Es de noche —vaya ironía, aquí casi nunca amanece—. He dejado de calcular las horas que restan para el amanecer, ahora todo me parece el recuerdo borroso de un sueño que sentí más real que cualquier cosa. A veces cierro los ojos y veo un montón de personas que no conozco, otras veces me veo a mí mismo, también un desconocido. En ocasiones me dejo envolver por las excusas, y me atrapan la culpa, la cobardía, y el miedo, todos al mismo tiempo. Luego veo una hilera de puertas que flanquean un corredor que se extiende hasta el infinito. Todas están cerradas, y yo, con llave en mano, nunca logro abrir ninguna. Se me están acabando las razones para seguir intentándolo.
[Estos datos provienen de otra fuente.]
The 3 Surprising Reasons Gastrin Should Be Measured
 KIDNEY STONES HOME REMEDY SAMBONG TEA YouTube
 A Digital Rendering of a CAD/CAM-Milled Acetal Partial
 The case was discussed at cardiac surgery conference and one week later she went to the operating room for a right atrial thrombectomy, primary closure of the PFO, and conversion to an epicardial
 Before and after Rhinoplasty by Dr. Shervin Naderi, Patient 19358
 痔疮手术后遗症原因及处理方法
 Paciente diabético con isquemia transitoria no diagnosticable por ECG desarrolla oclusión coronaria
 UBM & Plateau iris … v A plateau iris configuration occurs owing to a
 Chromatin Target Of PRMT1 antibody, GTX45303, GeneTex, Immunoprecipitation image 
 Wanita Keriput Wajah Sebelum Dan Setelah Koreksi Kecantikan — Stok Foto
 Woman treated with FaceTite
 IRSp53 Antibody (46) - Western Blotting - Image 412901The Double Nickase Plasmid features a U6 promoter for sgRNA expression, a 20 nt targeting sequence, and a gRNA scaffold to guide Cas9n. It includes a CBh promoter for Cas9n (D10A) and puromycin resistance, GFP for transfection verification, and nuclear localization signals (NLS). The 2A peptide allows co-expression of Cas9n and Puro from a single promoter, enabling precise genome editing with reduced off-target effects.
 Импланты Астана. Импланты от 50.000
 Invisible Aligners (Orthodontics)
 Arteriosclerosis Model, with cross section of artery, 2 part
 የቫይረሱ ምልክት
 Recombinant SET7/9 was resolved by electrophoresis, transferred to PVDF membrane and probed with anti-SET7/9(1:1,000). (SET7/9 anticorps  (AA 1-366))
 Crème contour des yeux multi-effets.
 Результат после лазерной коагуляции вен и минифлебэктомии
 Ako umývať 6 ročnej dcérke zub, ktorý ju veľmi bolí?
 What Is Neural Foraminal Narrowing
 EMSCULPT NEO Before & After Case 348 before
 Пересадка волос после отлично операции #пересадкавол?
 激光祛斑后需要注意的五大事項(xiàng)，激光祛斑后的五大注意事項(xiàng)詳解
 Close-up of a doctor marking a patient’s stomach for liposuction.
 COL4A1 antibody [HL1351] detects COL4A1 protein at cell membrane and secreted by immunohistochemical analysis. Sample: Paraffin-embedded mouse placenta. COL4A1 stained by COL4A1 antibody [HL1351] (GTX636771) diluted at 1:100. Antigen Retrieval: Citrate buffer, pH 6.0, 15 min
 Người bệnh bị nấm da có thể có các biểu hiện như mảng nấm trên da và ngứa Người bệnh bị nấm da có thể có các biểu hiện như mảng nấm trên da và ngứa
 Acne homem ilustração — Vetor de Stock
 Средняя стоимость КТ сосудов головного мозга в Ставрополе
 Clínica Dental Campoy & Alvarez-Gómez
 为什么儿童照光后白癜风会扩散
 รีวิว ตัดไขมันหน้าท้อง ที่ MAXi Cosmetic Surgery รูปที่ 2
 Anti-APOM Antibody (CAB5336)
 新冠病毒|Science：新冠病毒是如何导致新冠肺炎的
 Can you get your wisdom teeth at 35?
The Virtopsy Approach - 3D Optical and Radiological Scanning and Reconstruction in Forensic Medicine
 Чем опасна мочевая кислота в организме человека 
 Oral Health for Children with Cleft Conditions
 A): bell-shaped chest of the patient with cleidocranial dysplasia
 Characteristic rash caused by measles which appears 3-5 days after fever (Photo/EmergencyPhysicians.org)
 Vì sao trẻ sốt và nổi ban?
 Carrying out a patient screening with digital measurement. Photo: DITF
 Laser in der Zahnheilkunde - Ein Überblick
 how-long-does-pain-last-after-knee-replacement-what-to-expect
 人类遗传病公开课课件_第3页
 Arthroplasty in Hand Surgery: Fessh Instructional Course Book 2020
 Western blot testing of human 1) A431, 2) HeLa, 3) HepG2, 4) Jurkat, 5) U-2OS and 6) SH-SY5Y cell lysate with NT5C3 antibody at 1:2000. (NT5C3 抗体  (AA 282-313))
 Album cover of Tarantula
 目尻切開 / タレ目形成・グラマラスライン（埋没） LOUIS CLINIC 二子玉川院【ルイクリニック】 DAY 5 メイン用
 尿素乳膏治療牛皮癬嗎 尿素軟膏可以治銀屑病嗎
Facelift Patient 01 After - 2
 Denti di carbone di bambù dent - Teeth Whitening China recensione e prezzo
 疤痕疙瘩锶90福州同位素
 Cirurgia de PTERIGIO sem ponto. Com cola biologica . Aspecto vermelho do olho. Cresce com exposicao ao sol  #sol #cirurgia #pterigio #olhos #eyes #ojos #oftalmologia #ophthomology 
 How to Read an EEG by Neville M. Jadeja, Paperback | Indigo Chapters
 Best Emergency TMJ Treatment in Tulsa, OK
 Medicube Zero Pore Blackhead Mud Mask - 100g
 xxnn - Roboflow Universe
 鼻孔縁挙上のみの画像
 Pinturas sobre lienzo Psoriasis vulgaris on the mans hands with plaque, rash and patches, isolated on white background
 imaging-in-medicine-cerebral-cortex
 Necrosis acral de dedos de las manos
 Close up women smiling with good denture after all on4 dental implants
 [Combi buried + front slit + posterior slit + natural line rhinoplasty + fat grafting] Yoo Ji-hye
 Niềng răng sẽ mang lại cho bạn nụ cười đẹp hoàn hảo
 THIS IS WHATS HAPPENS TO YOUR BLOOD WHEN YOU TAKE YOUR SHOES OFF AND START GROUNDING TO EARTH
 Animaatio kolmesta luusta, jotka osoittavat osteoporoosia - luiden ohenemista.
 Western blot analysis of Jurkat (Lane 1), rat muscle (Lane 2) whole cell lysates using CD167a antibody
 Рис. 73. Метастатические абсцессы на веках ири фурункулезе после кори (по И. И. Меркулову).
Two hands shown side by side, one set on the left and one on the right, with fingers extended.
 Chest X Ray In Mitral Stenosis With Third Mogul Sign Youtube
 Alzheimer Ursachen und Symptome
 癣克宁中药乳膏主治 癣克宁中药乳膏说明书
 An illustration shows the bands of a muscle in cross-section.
Los viejos dicen que los jóvenes vivimos de sueños, pero no saben lo horrible que es vivir de sueños que, por mucho que estiremos los brazos y corramos a su encuentro, nunca logramos alcanzar. No hablo de realizaciones personales, hablo en un contexto espiritual. Yo lo que quiero es dejar de oír aquella voz atronadora que me perfora el oído, dejar de tener miedo a quitarme una máscara que todos creen que forma parte de mis facciones. Dejar por fin de lado aquello que me ata a un lugar del que siempre quiero irme lejos. Ojalá me encuentre con alguien que al mirarme vea más que un cuerpo, y entienda que mi sonrisa es una disculpa por sentir demasiado, o muy poco, o hacerlo todo mal. Lo que quiero es dejarme llevar por algunas emociones, decirle a esa chica que..., no sé, que muero cada vez que alguien pronuncia su nombre aun sin conocerla. Que tengo celos de aquellos que hablan con ella, porque yo no puedo hacerlo directamente por mucho que quiera. Quiero decirle a mi amigo cuánto lo echo en falta cada vez que sucede algo bueno para compartirlo con él, o cada vez que siento que algo malo le pasa, para decirle que no está solo. Pero me siento atado. Lo peor de no saber qué te pasa es que tampoco tienes idea de cómo solucionarlo. Así que estoy como estancado, entre ir y venir; entre esto y aquello; en mitad de algo que nunca sé lo que es. Las noches en las que no puedo dormir me pongo a pensar en lo genial que sería dejar de sentir que siempre es tarde para llegar a cualquier parte. Lo mucho que me solucionaría la vida el saber por qué no me he ido de aquí hace tiempo, y buscar la llave correcta para abrir no sólo una, sino todas las puertas que sean necesarias para encontrar el camino que me lleve de vuelta a esa paz que un día tuve y que ahora se desvanece como un espejismo.